**PROBLEM TO SOLVE:**
Copies of all lines that contain "would" are needed; take them from the data below.

Stored dataset items:
****************************************
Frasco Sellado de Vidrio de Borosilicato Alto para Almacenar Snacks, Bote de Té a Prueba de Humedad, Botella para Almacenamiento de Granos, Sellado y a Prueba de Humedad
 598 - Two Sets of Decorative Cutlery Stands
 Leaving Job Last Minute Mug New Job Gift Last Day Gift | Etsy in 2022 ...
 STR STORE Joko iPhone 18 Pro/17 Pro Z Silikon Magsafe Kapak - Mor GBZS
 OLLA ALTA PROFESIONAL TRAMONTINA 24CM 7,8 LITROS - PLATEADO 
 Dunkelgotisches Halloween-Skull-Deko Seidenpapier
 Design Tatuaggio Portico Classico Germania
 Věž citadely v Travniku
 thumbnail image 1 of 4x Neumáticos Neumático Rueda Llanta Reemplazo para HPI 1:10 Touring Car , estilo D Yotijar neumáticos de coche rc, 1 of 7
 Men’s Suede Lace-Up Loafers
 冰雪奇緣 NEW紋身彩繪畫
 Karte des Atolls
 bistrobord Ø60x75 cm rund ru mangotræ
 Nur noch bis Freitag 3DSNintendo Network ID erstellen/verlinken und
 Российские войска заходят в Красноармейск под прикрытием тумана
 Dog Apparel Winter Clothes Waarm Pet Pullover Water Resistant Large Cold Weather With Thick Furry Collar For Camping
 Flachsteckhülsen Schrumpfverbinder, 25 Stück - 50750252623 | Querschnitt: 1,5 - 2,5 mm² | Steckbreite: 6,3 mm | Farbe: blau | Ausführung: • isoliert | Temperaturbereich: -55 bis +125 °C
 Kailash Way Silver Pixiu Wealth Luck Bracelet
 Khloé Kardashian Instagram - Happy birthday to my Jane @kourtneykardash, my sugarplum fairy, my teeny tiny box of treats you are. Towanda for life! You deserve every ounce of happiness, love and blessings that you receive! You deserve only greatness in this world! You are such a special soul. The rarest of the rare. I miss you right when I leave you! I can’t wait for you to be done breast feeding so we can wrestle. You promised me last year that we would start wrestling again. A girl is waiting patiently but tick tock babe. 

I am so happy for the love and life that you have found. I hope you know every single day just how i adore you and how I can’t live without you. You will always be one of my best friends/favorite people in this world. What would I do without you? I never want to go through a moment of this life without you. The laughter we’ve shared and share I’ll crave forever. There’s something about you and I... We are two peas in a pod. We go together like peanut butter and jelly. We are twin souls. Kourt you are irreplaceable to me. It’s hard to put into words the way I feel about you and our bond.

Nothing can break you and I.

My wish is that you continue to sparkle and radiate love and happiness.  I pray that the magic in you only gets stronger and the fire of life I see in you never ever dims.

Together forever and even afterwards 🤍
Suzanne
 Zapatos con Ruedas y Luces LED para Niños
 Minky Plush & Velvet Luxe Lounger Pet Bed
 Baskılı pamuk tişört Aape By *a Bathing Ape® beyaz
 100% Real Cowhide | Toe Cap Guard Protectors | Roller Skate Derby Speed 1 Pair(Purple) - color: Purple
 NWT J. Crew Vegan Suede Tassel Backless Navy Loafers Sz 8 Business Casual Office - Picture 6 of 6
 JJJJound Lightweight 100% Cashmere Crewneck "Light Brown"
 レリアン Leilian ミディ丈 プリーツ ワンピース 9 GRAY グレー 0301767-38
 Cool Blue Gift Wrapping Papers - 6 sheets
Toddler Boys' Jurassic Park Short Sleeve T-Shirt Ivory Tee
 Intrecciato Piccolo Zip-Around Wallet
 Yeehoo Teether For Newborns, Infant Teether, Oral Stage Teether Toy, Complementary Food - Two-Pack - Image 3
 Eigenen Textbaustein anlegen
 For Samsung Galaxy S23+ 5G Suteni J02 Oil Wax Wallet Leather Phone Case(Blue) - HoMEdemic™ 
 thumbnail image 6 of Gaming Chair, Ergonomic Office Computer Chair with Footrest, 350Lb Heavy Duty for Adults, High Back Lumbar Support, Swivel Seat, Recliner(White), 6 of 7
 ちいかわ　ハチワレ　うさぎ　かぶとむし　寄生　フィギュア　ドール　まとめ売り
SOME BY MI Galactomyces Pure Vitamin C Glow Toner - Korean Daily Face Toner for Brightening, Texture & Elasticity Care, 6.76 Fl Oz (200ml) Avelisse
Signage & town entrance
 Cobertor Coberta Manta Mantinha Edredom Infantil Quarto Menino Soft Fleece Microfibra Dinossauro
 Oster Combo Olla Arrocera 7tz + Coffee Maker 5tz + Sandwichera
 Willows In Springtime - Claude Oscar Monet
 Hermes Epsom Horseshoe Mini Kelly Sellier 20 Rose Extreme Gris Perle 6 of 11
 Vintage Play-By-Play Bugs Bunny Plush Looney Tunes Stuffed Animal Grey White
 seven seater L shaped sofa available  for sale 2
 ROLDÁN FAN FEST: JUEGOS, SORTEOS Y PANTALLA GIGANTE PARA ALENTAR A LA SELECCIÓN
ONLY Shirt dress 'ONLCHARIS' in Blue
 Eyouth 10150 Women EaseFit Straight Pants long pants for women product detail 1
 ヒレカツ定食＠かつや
****************************************
**WRITTEN ANSWER:**
 Khloé Kardashian Instagram - Happy birthday to my Jane @kourtneykardash, my sugarplum fairy, my teeny tiny box of treats you are. Towanda for life! You deserve every ounce of happiness, love and blessings that you receive! You deserve only greatness in this world! You are such a special soul. The rarest of the rare. I miss you right when I leave you! I can’t wait for you to be done breast feeding so we can wrestle. You promised me last year that we would start wrestling again. A girl is waiting patiently but tick tock babe. 
I am so happy for the love and life that you have found. I hope you know every single day just how i adore you and how I can’t live without you. You will always be one of my best friends/favorite people in this world. What would I do without you? I never want to go through a moment of this life without you. The laughter we’ve shared and share I’ll crave forever. There’s something about you and I... We are two peas in a pod. We go together like peanut butter and jelly. We are twin souls. Kourt you are irreplaceable to me. It’s hard to put into words the way I feel about you and our bond.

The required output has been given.